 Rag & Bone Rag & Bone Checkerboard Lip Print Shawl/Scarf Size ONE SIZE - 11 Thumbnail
···
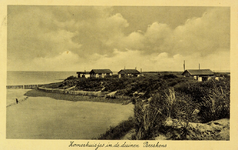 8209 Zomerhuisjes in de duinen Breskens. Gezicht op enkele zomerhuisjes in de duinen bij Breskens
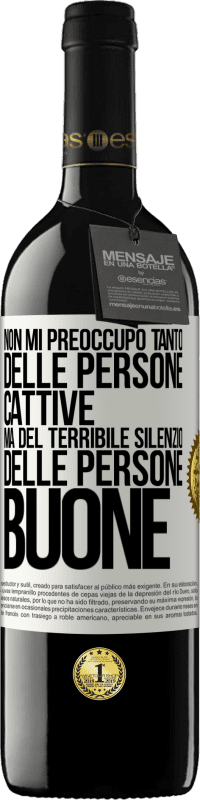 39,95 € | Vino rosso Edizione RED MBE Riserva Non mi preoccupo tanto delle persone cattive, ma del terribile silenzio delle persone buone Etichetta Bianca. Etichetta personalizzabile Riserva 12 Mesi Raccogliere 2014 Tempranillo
···
§ Task item
Above is the material; set down exactly its lines from the one containing "8209 Zomerhuisjes in" down to the one containing "39,95 € | Vino", both included, leaving out any pictures.

§ Output below
 8209 Zomerhuisjes in de duinen Breskens. Gezicht op enkele zomerhuisjes in de duinen bij Breskens
 39,95 € | Vino rosso Edizione RED MBE Riserva Non mi preoccupo tanto delle persone cattive, ma del terribile silenzio delle persone buone Etichetta Bianca. Etichetta personalizzabile Riserva 12 Mesi Raccogliere 2014 Tempranillo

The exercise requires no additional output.